This is part three of our equity crowdfunding checklist guide. Read part 1 here and part 2 here.
Publish on verticals: You must not limit yourself to building your website, starting blogging, integrating to social media, publishing an equity crowdfunding page, and issuing press releases to general servers.
You have to do more. Publish it on iCrowdNewsWire (disclaimer: we are the author of this post), as we are specialized in equity crowdfunding channels. Search for all the blogs and news websites related to your niche and reach out to their owners to get your stories published. Do the same for social media channels in your niche.
Press is all about trading information and building relationships. Establish them as soon as possible to get your campaign featured to reach your target investors.
Focus on Facebook, Twitter, and LinkedIn. Those are the three channels that will generate more leads to your equity crowdfunding campaign. Integrate your blog with social media so your contacts get updates automatically.

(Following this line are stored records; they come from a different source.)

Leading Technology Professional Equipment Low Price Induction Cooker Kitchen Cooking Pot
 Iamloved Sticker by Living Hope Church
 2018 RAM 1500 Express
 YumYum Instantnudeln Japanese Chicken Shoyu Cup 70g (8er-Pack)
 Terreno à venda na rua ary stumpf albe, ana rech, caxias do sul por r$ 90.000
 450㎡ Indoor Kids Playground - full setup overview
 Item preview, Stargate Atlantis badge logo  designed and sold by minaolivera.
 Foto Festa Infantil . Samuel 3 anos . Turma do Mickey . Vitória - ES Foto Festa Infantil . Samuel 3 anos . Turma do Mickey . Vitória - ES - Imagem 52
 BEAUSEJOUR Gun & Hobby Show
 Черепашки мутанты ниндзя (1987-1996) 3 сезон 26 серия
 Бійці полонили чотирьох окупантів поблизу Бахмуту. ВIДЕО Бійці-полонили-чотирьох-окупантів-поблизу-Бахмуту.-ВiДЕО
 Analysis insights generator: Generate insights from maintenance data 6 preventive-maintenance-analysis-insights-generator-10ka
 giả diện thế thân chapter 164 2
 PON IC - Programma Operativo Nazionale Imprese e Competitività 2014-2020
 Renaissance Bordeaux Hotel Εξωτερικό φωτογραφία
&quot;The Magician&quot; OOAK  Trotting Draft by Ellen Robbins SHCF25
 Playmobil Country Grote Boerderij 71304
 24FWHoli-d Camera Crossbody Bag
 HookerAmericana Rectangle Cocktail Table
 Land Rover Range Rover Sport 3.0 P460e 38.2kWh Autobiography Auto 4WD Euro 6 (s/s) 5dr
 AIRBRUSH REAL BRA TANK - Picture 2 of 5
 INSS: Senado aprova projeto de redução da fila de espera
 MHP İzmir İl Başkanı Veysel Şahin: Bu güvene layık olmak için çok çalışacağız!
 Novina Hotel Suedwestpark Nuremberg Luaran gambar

Focus on growing your follower base first. Use demographics targeting to reach your potential investors, and don’t feed them too much content. After you have grown a sizable number of followers, then you can start engaging them by producing more content.
Try to make family, friends, and acquaintances your first followers. Then target some potentials whom you have already spoken to. Then go after potential investors out of your immediate network.
Many times, you can expect that your potential investors will also be your consumers. As such, if your platform allows it, it is good practice to offer them some perks along with the equity in your business.
For example, if your campaign aims to crowdfund a local restaurant, offer them special discount packages or VIP member cards, so they can eat there for lower prices. If you are searching for investors to finance your latest software, offer them a free version.
Perks will make returns on their investment much more attractive. What kind of investor wouldn’t want to have a free copy of a revolutionary, potentially disruptive software?